The number of births in this country has remained virtually unchanged since 1979, but sales of furniture for the nursery or juvenile bedroom have risen from approximately $700 million a year to almost $2 billion.
Now another surprising fact: Nearly half of the babies born in 1986 were to first-time parents in their late 20s, 30s and even 40s. Many of these parents went from being dinks (dual income, no kids) to diks (dual income, kids), who demand and can afford stylish, well-designed furnishings for their children.
One of the hottest markets today is manufacturing and retailing furnishings for the crib, preschool and preteen sets. Parents wanting to go first-class for their children now have a myriad of available choices, which were previously unavailable.
Many cribs sold today convert into junior- or youth-size beds, an interim-size bed smaller than a regular twin-size bed. There are glitzy all-brass cribs, antique-looking painted iron ones, rattan-trimmed models, little-girl pink ones, baby-boy blue ones--the choices are staggering. A variety of matching chests, armoires, desks, changing tables that convert later into chests are available as well to complete a bedroom ensemble. Reputable American manufacturing companies such as Childcraft, Simmons, Hedstrom, Medallion and Bassett and their conventional retail outlets have been receiving strong competition from Europe, with the onslaught of stores like Bellini and Lewis of London (both in this area), who offer pricey, often higher-styled European designs.
Yes, Eurostyle has even reached into the child's room. According to a Bellini stores representative, the average cost of furnishing a typical nursery with their furniture is from $2,000 to $2,500. This includes a crib that converts to a bed, two pieces of storage furniture, a rocking chair and linens. This sum does not include other baby accouterments--strollers, carriers, car seats, infant swings, baby monitors or toys. Nor does it include wallpaper or other room decorations. And retailers say furniture sales are booming and show no indications of slowing down.

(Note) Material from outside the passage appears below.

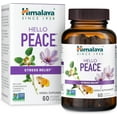 thumbnail image 1 of Himalaya Hello Peace with Ashwagandha, Turmeric & Saffron for Stress Relief, Vegan, 60 Capsules, 1 of 9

Today's broad choice of designs is a relatively recent phenomenon. Ten years ago design-conscious parents really had to search for good design.
One local company, H.U.D.D.L.E., was born out of this need for attractive furniture for young people. In the early 1970s, Jim and Penny Hull, who had two young children, opened their first H.U.D.D.L.E. store, offering unusual bunk beds and bed styles for childrens' rooms. Jim Hull, an architect with a degree in urban design, designed the furniture and Penny designed the fabrics and bedding. "We began this company to fill a need, our own and for others. We couldn't find kids' furniture that we liked and neither could our friends. We have tried to continually update our lines, but a few of our older designs are still best sellers," said Jim Hull.
Another local success story involves architect and design-conscious father Gary Gilbar, AIA, and his partner, Marcia Herman. Less than two years ago they opened their first store, Fun Furniture, on Beverly Boulevard, near the Beverly Center. Recognizing that there were still gaps in the kids' furniture market, especially for the post-crib set, Gilbar created his own designs, with strong architectural overtones. He has designed a headboard that has a variety of embellishments--a cityscape, baseball players, hearts, stars, a house, his interpretation of the Statue of Liberty, all of colored Formica. He has created storage cabinets that feature similar motifs. His shelving units, some of which contain desks, look like high-rise buildings, palm trees, the Empire State Building. Pittsburgh-based furniture designer Dan Droz (who creates products for manufacturers such as Hedstrom, Amisco and most recently designs for several Danish companies) sums up today's phenomenal growth in children's furniture: "Quality of design is something that directly affects buying decisions. You can now buy terrific children's furnishings because an enormous market has been created by late-budding families who can afford stylish goods. My role as a designer has been to make more satisfying products that are safer, more durable and that give the user a sense of pleasure through good design."